BEGIN LISTED RECORDS

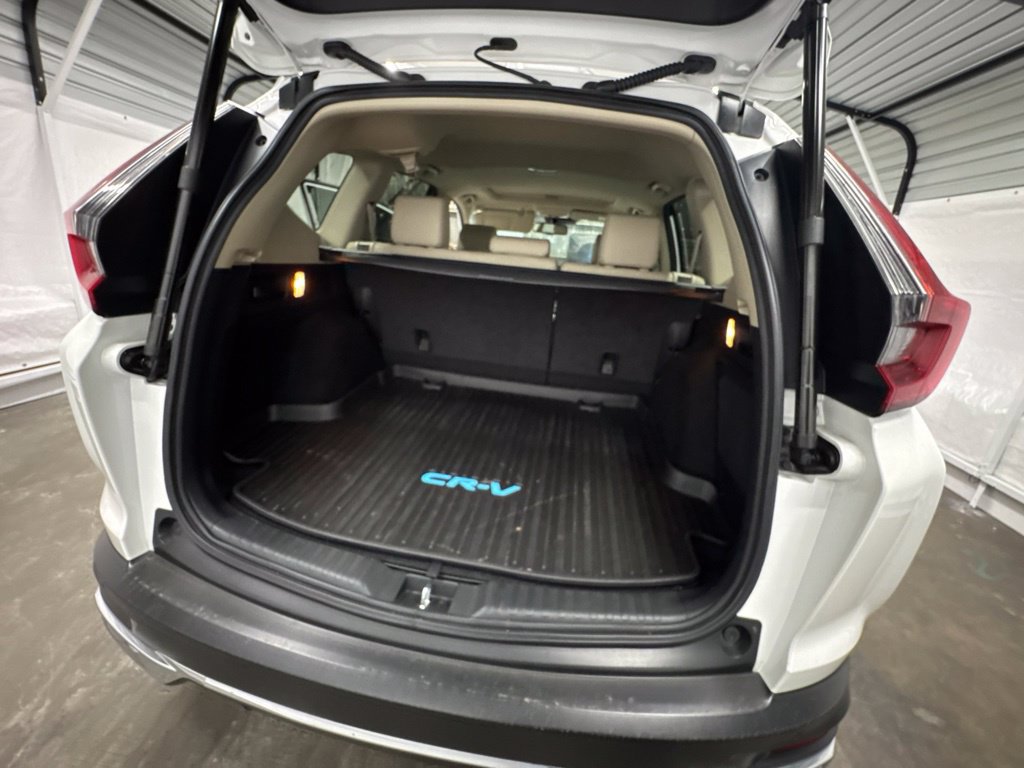 Used 2022 Honda CR-V Touring image 14
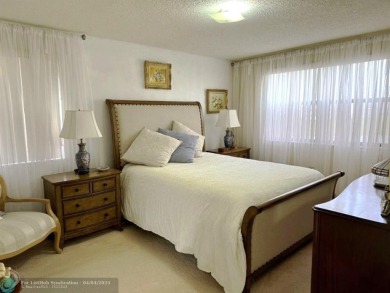 ks: Owner Motivated! Well maintains and spacious 1 bed 1.5 bath on Sunrise Lakes Phase IV Golf Course in Florida - for sale on GolfHomes.com, golf home, golf lot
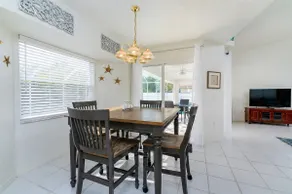 CHARMING FLORIDA GETAWAY 3BDR HOME WITH A POOL - Image 5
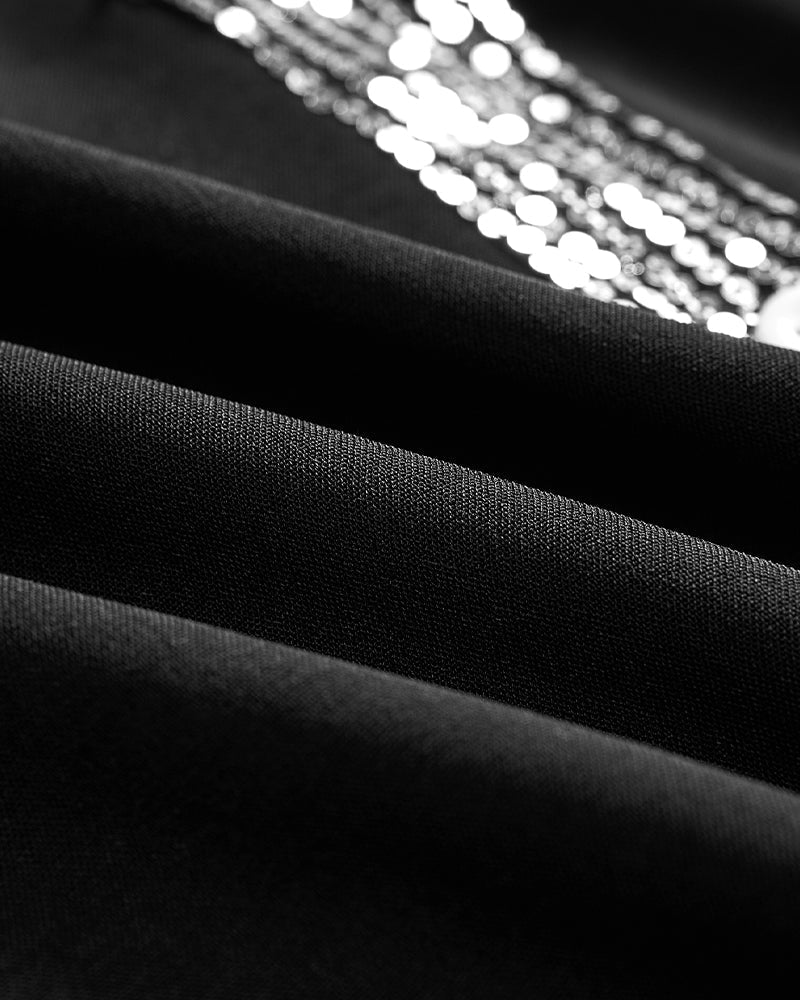 Laluna® | Casual Top Featuring Sequin Detail and Button Accents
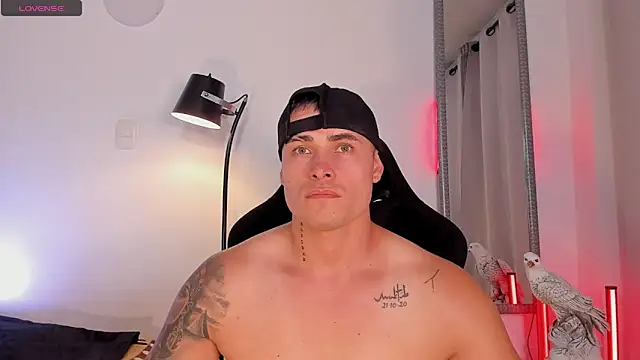Snapshot of connorsmiith chatting on June 5, 11:27 am connorsmiith online show from June 5, 11:27 am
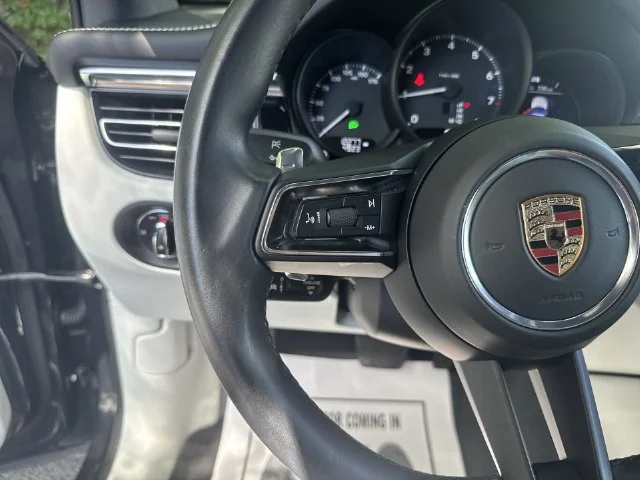 Used 2025  Porsche Base image 17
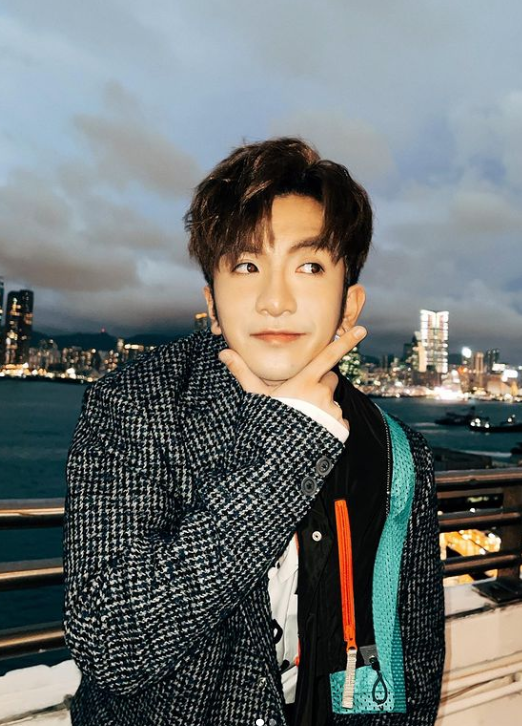 拍攝《假冒女團》時撞破額頭留血。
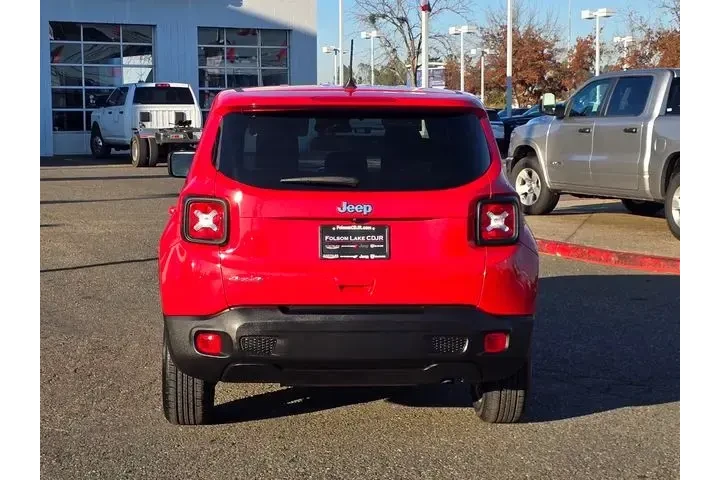 $20900 : Jeep Renegade 2023 4x4 Uplan image 5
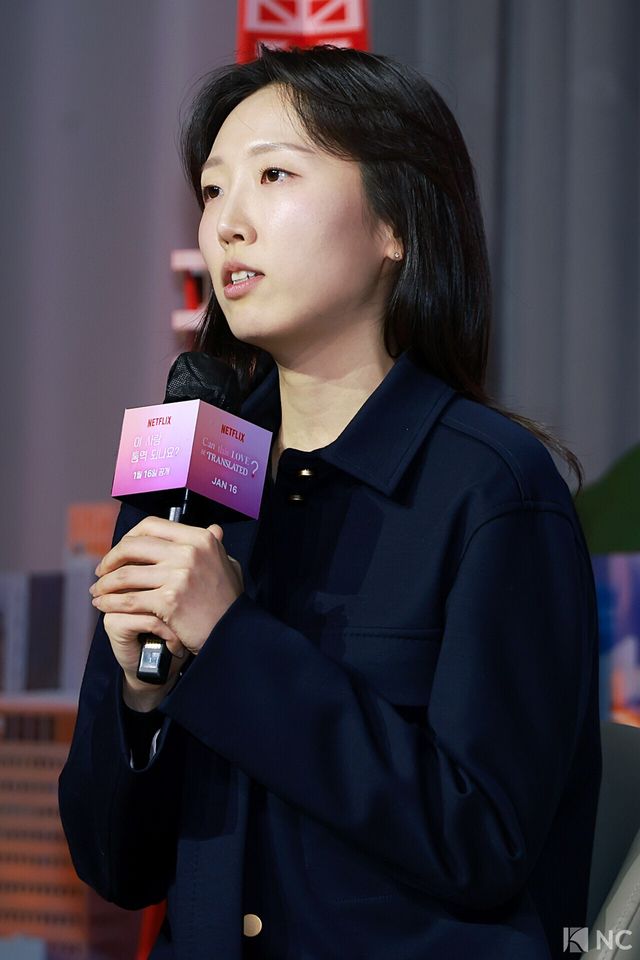 유영은 감독이 13일 오전 서울 강남구 조선 팰리스에서 진행된 넷플릭스 시리즈 ‘이 사랑 통역 되나요?’(극본 홍자매/연출 유영은) 제작발표회에서 소감을 말하고 있다. 사진=김규빈 기자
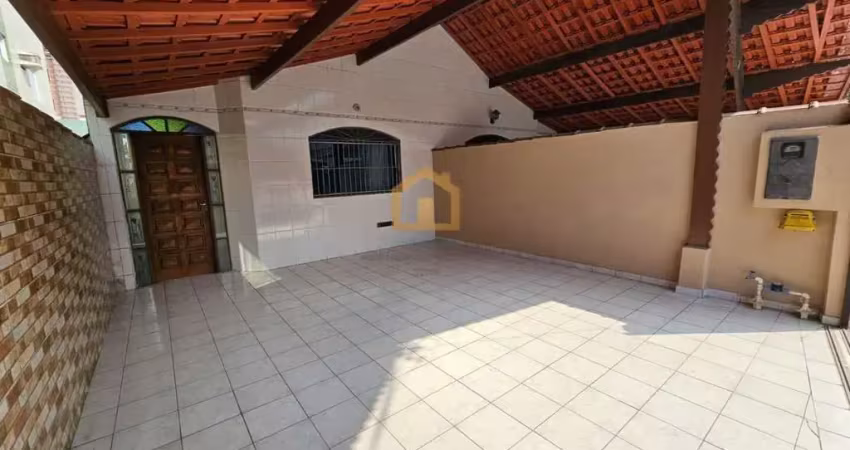 Casa com 2 dormitórios à venda, 60 m² por R$ 477.000 - Aviação - Praia Grande/SP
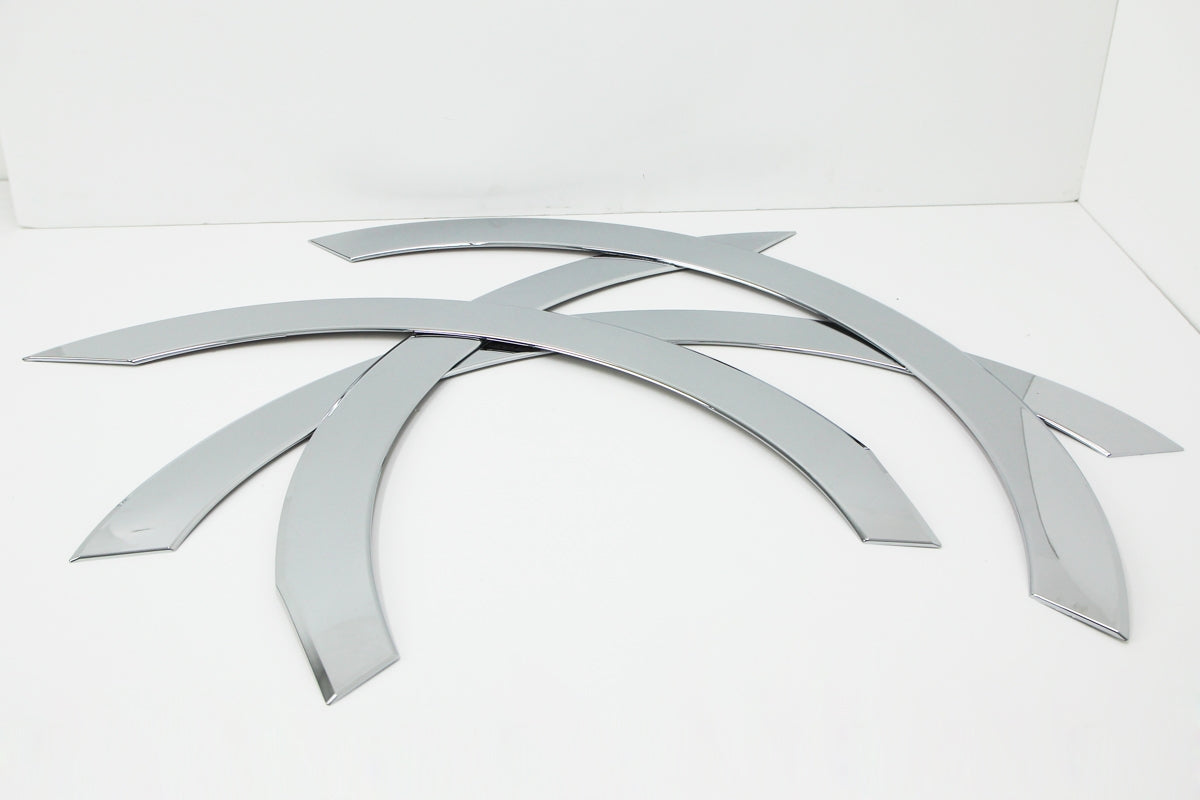 Auto Clover Chrome Wheel Arch Trim Set for Hyundai i800 / iLoad 2008 - 2017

END LISTED RECORDS

## TASK STATEMENT
Above are the records. Copy exactly, and only, the lines from the line containing "Uplan image 5" through the last one, omitting any pictures.

## OUTPUT FOR THIS TASK
 $20900 : Jeep Renegade 2023 4x4 Uplan image 5
 유영은 감독이 13일 오전 서울 강남구 조선 팰리스에서 진행된 넷플릭스 시리즈 ‘이 사랑 통역 되나요?’(극본 홍자매/연출 유영은) 제작발표회에서 소감을 말하고 있다. 사진=김규빈 기자
 Casa com 2 dormitórios à venda, 60 m² por R$ 477.000 - Aviação - Praia Grande/SP
 Auto Clover Chrome Wheel Arch Trim Set for Hyundai i800 / iLoad 2008 - 2017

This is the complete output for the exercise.